#### [YOUR TASK]
Once you reach the line containing "Акриловая ванна Aquanet" in the data below, restate each line word for word up to and including the one containing "Il purificatore d'aria LEVOIT Core 300S".

#### [RAW DATA]
-- Opening Marker --

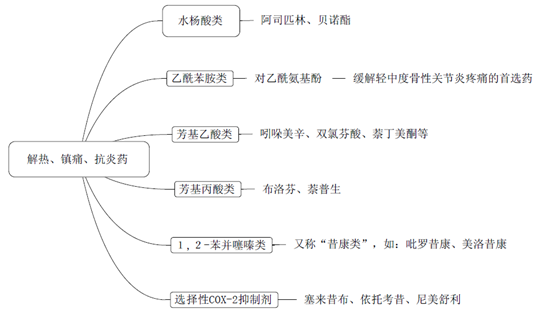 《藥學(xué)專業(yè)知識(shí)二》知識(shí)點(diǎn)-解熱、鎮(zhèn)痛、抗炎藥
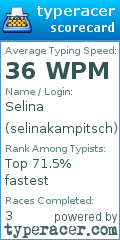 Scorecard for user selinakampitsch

-- Closing Marker --
-- Opening Marker --

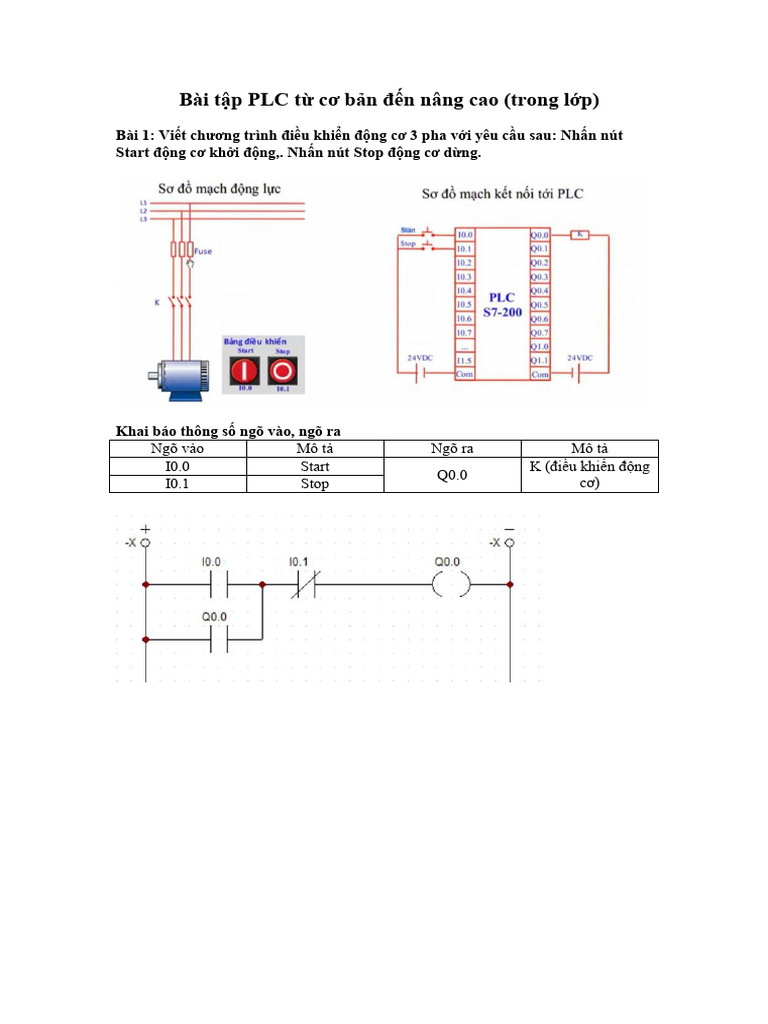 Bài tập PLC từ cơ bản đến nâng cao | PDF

-- Closing Marker --
-- Opening Marker --

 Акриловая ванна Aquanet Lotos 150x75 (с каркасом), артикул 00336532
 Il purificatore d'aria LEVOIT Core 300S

-- Closing Marker --

#### [RESPONSE TO THIS TASK]
 Акриловая ванна Aquanet Lotos 150x75 (с каркасом), артикул 00336532
 Il purificatore d'aria LEVOIT Core 300S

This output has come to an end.